I think we got screwed







when we bought our new 29fbhs. We only have one sink cover(on the left side) But it looks like it's for a sightly different sink....ie it does not fit right & does not 100% follow the contour of the sink. How bout yours...do you have only one for the left side or do you have one for both sides of your sink? & how do yours fit? I have some friends who just bought a keystone challenger & they have both & they fit fine.


----------



## Castle Rock Outbackers (Jan 18, 2004)

First I would say that you are miles away from being screwed if the sink cover does not fit perfectly.
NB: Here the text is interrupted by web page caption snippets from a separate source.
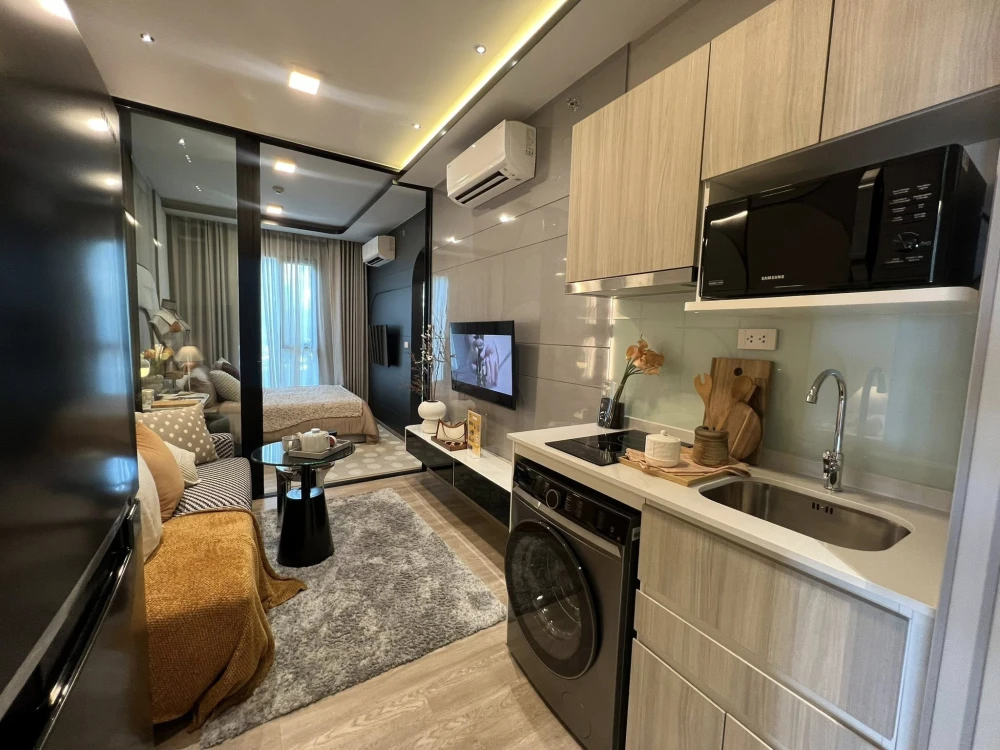 ขายดาวน์ Plum Condo New West Bangyai ชั้น 14 วิวสวน โครงการดี น่าอยู่ จองเลย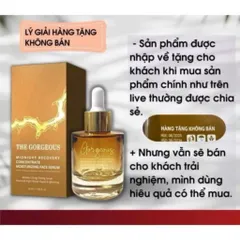Serum B5 Dưỡng Da Chuyên Sâu Gorgeous Chai 50ml Làm Trắng Sáng Da, Giảm Nám, Thâm Mụn, Tàn Nhang 807433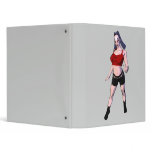 Bad Attitude Female Binder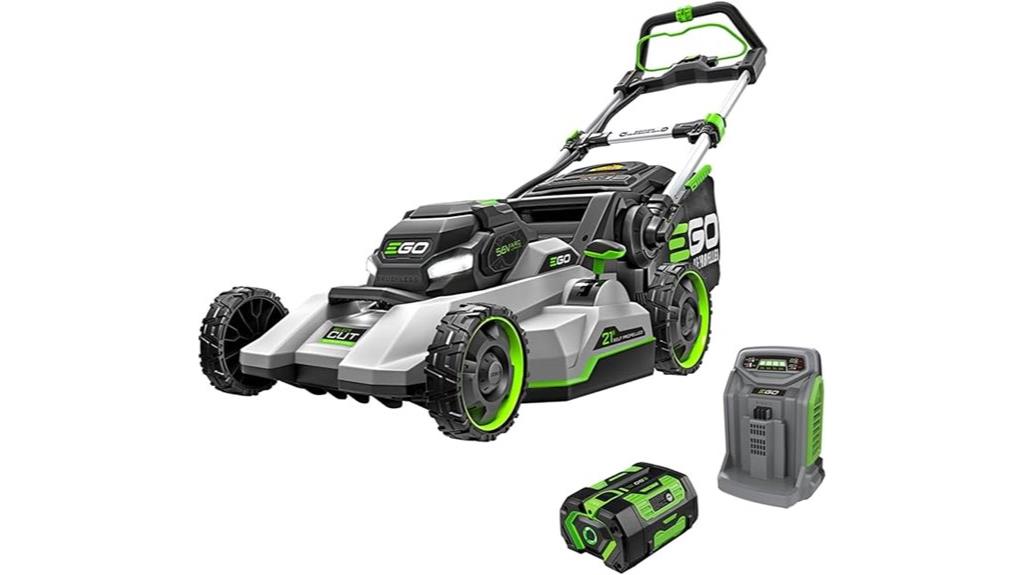 battery powered lawn mower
If it doesn't fit just notify your dealer. Honestly, we have never used our sink cover. Outbacks have good counter space already, and if you purchase a stove top cover (like we intend to) you are really set on counter space. Without the sink cover, your sink is kept open for hand-washing and quick rinsing of glasses.

Randy


----------



## RCColby (Oct 12, 2004)

Mine only came with one for the left (larger) sink also. It does not fit very good either, but all that I have seen were the same. We use it all the time, just put dirty dishes in the sink and cover up until the once a day dish washing.
BTW, I have a Dark Green D'Max also.
Bob


----------



## tdvffjohn (Mar 10, 2005)

Ditto, one cover and it needs to be reroutered to fit better. But, I do not use it so..........


----------



## huntr70 (Jul 8, 2005)

Same here...one on the left...unless you stow it somewhere, it is always on the floor when traveling.

Steve


----------



## California Jim (Dec 11, 2003)

Left side cover only and it fits fine. We use it all the time.


----------



## Dreamtimers (Mar 7, 2005)

Left side cover only, it fits so-so... We use it once in a while.

Dreamtimers


----------



## vdub (Jun 19, 2004)

I think it is a 5 problem -- they don't fit.


----------



## RAK (Aug 11, 2005)

Dark Green Dmax said:


> I think we got screwed
> 
> 
> 
> ...


Only one cover and fits ok.
RAK


----------



## Jay8256 (May 27, 2005)

Only received one cover... Made cover for stove with a formica top to give more usualble counter top space, plus it doubles as a movable work space/cutting board as it can be moved to the table, triples as a way to carry snacks and stuff out side to the picnic table.....
Brother in Law took a router and sander to his...fits perfect now, but he is a little anal retentive.......
Jim


----------